We have started using the JUPYTER_TOKEN environment variable introduced in #2921. It can easily be set using whatever configuration tools you are using (.env files, puppet, etc.).

@Carreau, @takluyver, thank you for all the hard work!

[Carreau]

@Carreau, @takluyver, thank you for all the hard work!

Thanks !

We have started using the JUPYTER_TOKEN environment variable introduced in #2921. It can easily be set using whatever configuration tools you are using (.env files, puppet, etc.).

Oh, I had missed that one. Good point.

[deadhandsignal]

Yes this is the a fckn ridiculous setup when starting to use any application. I'm in a class full of people with the exact same problem, everyone frustrated, need to do better and stop making excuses.

[takluyver]

I've locked this conversation now, because it's generating angry responses, not useful input.

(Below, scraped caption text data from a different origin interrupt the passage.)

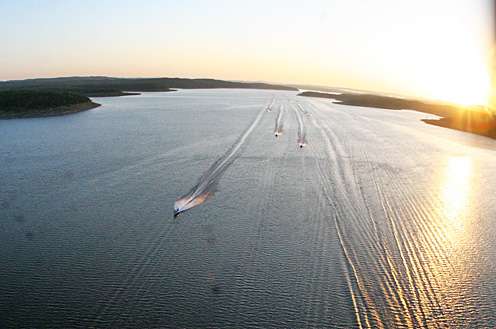 <p>
	Most of the anglers were heading west on Bull Shoals Lake.</p>
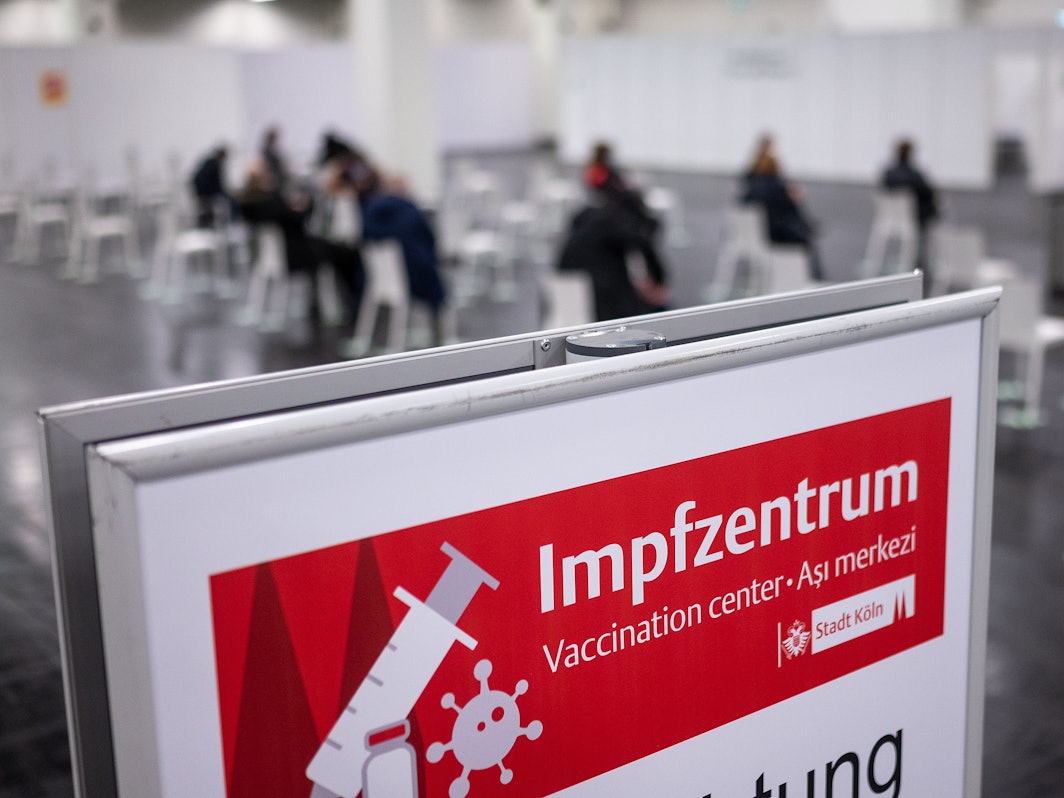 Das Foto zeigt ein Impfzentrum in der Messe Düsseldorf im Dezember 2020. Am Donnerstag (30. September) werden die letzten Impfzentren in NRW geschlossen.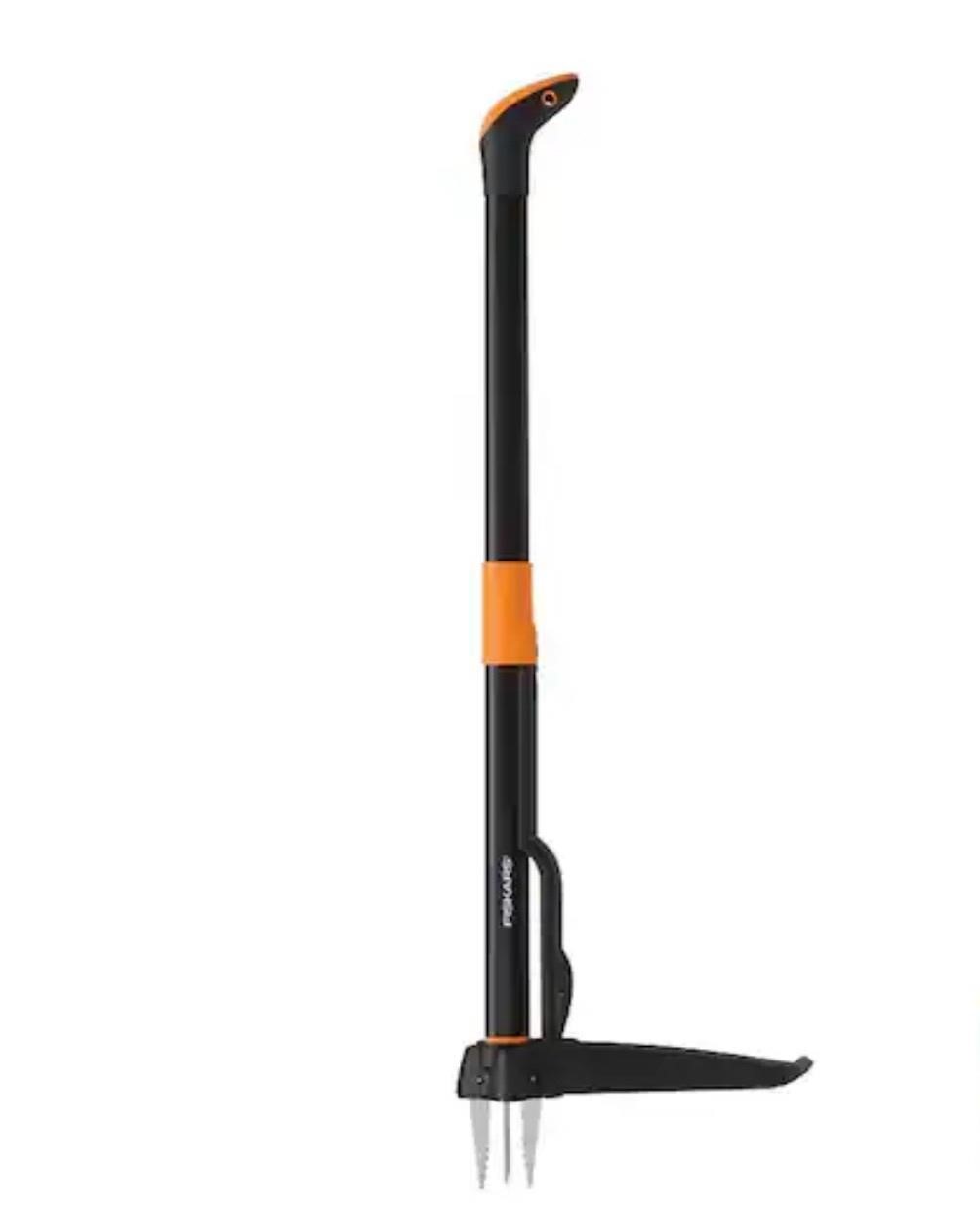 Fiskars 34in Stand up 4 Claw Garden Weeder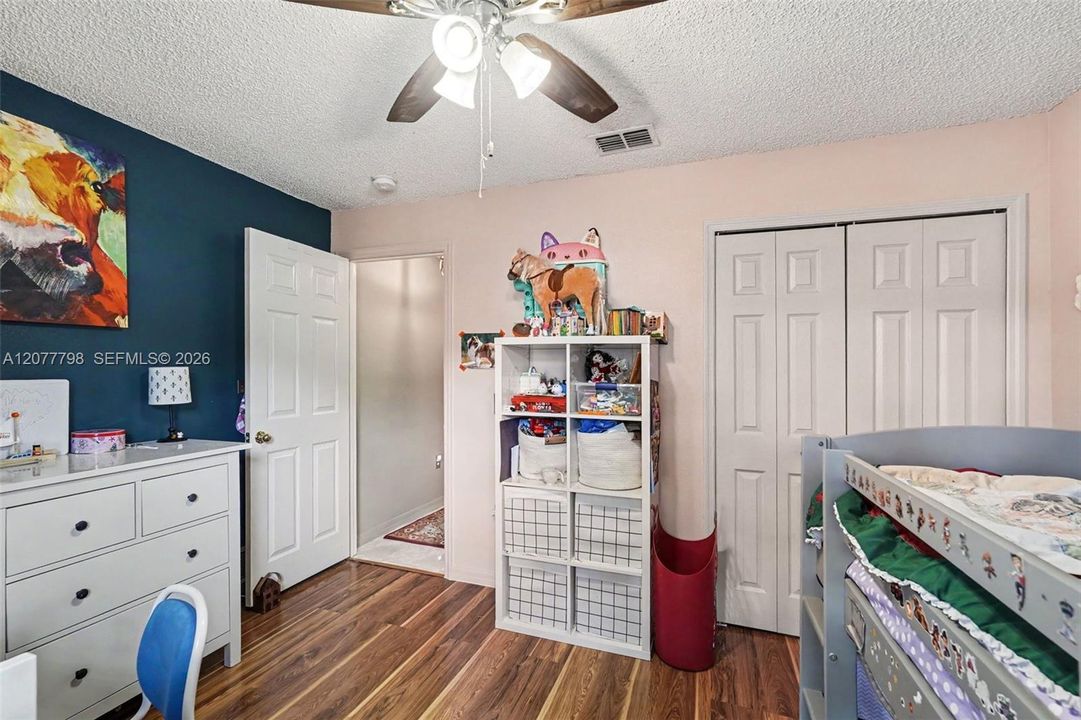 Secondary bedroom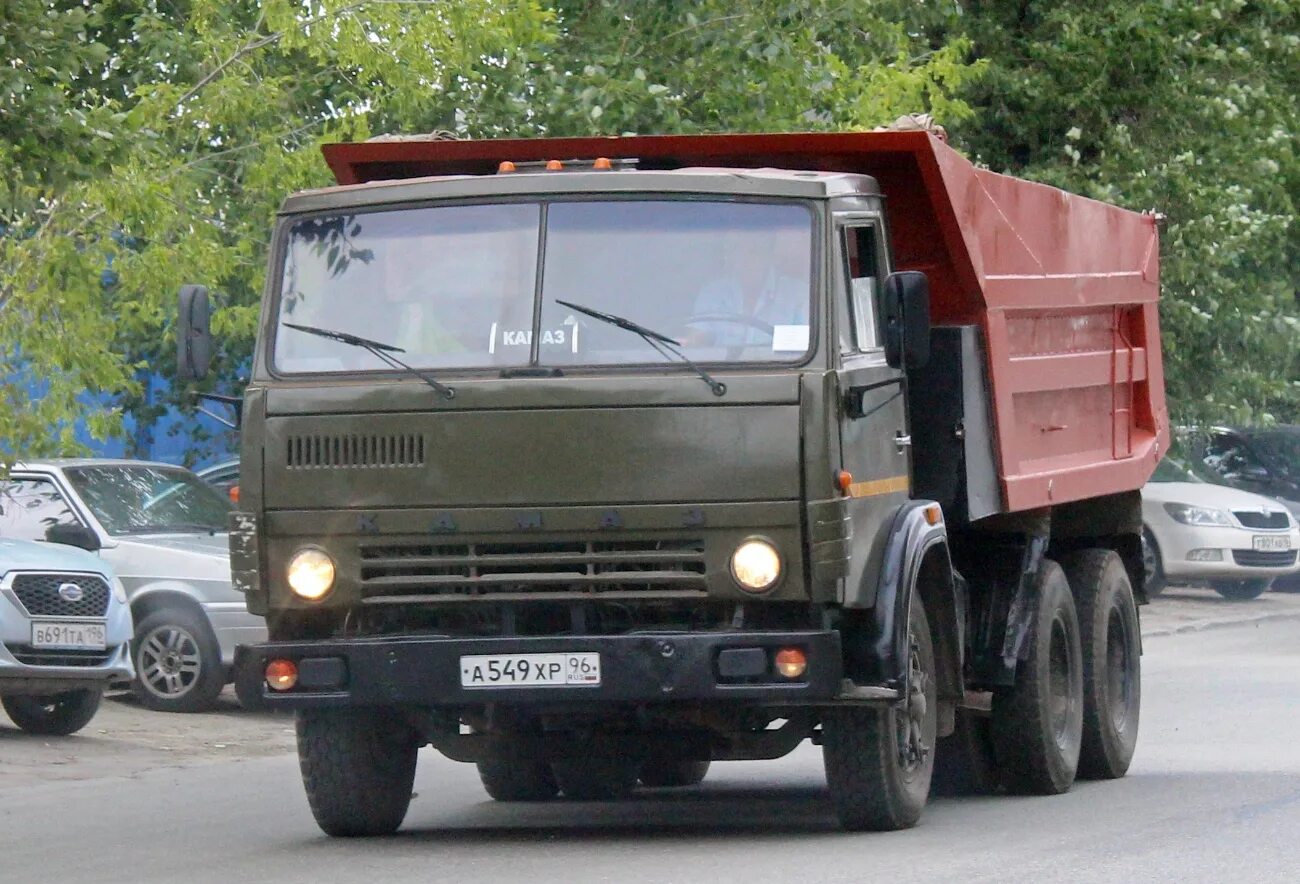 Камаз 55102 с завода. Камазы красноярска фото. Камаз 55111. Камаз 5320 седельный тягач. Камаз 55111 2002.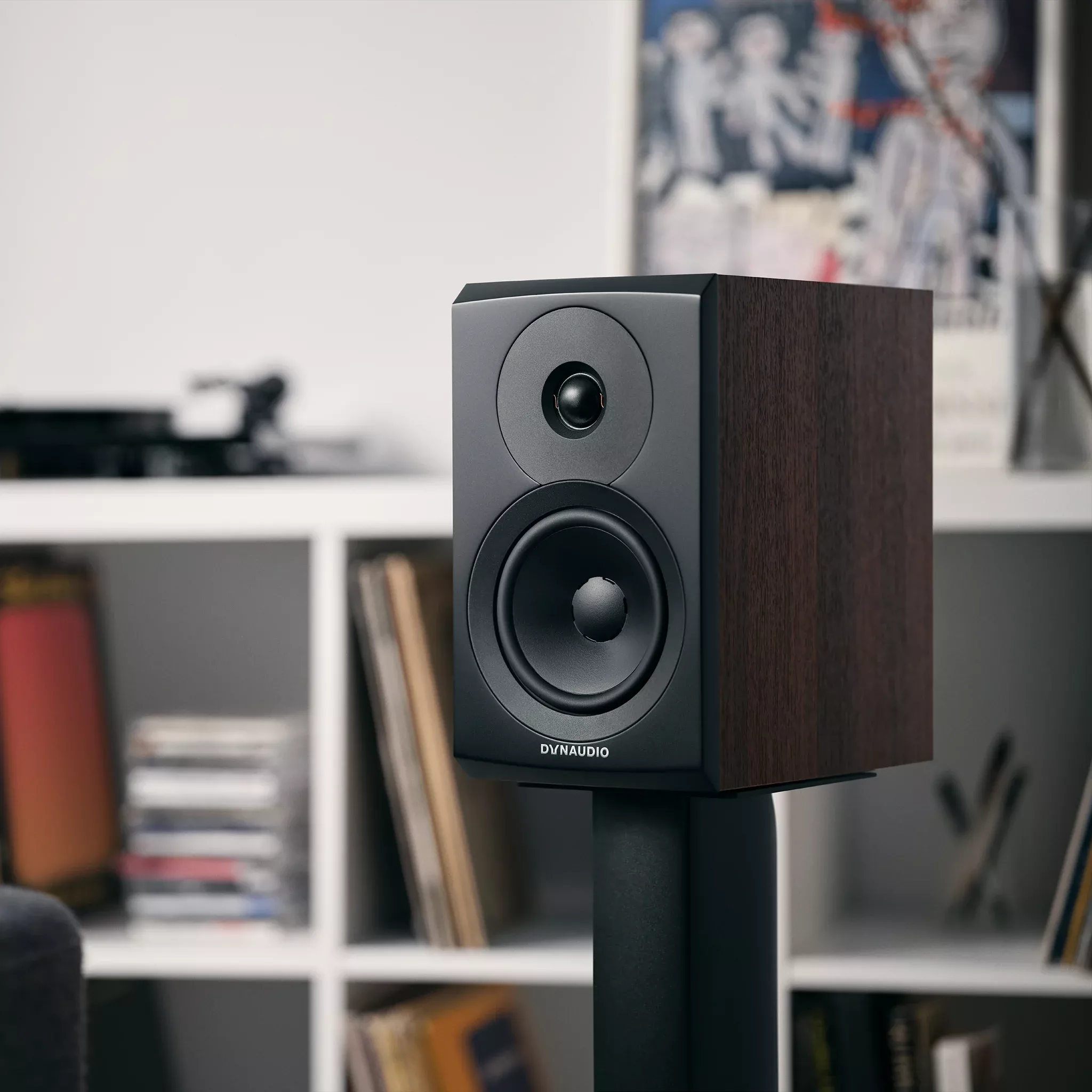 Dynaudio Emit 10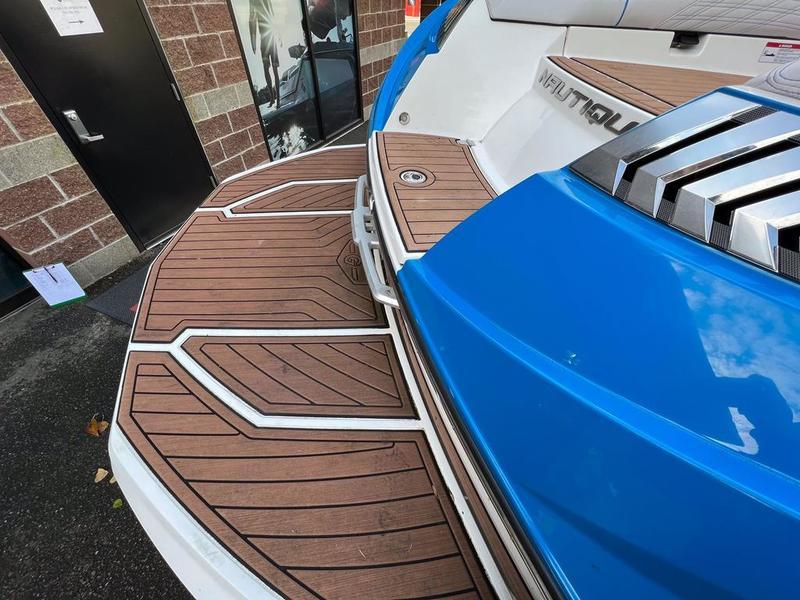 2017 Nautique G23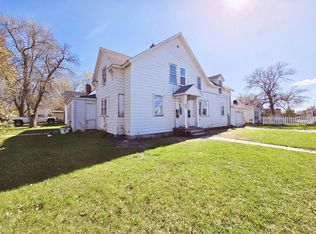 416 1st St E, Thief River Falls, MN 56701
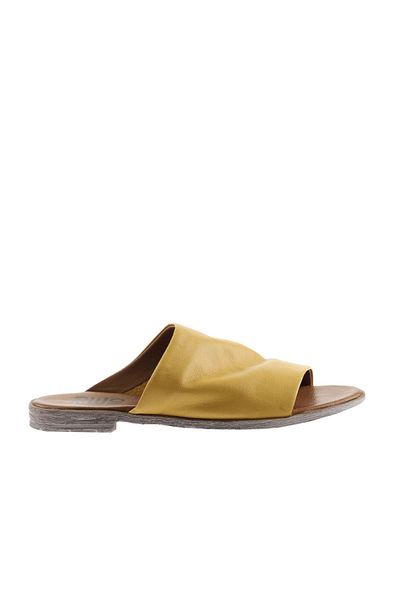 Bueno Shoes Papuci plati din piele galbena pentru femei - 01wq2009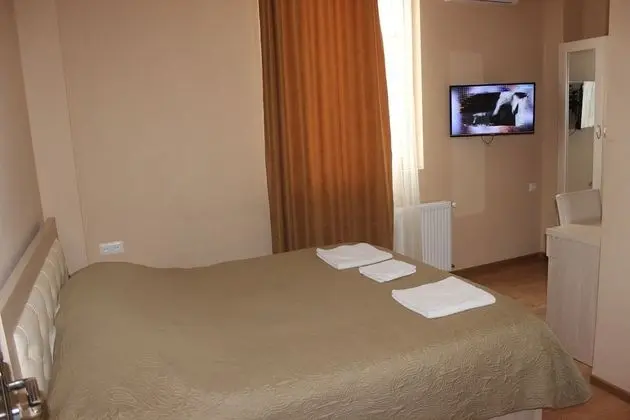 Basic Üç Kişilik Oda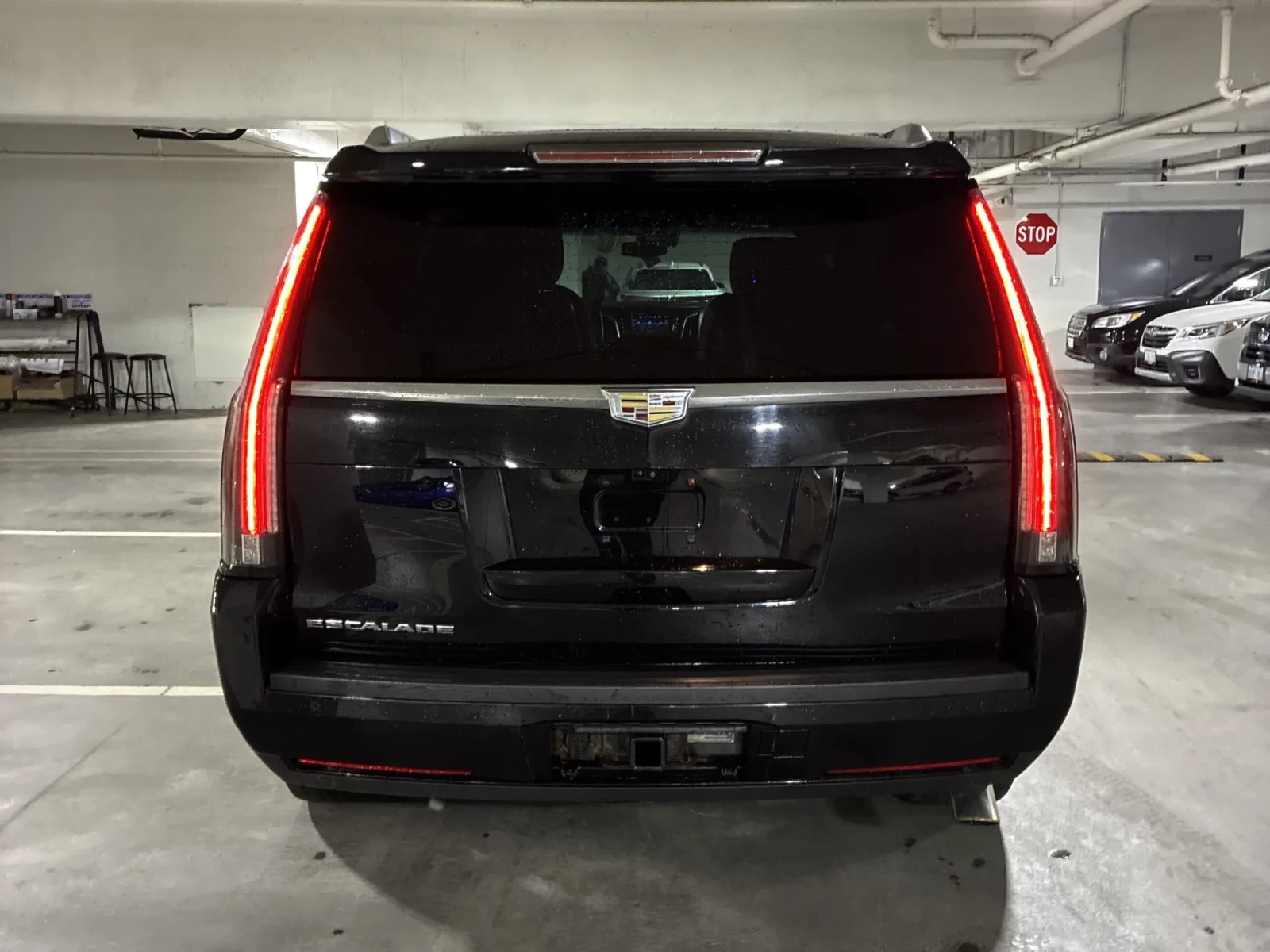Cadillac Escalade 6.2 AWD Platinum - изображение 4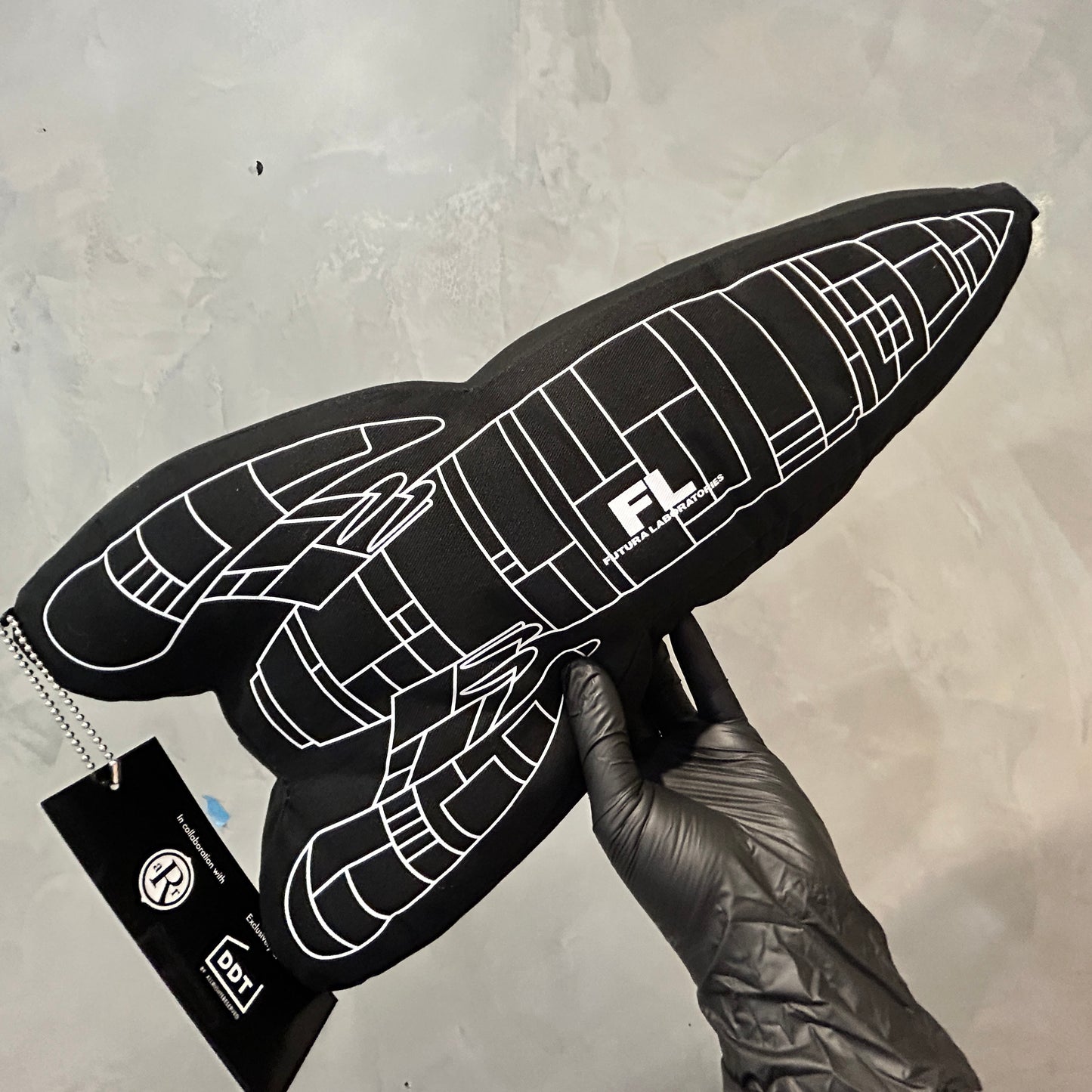 Futura 2000火箭抱枕 Futuraland Rocket Plush Pillow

We understand that the security token makes using the notebook less convenient in some situations. As described above, we've done a variety of things to try to mitigate this. We're happy to have constructive discussions about what more we might be able to do. But we're not here to be yelled at when you don't like something.

The DNS rebinding attack is not easy to understand, but it is real, and in the context of Jupyter it could mean that a random website you visit while Jupyter is running could take over your computer. We're obviously not about to take chances with that, so the token mechanism is staying unless someone can find a way to make it clearly unnecessary.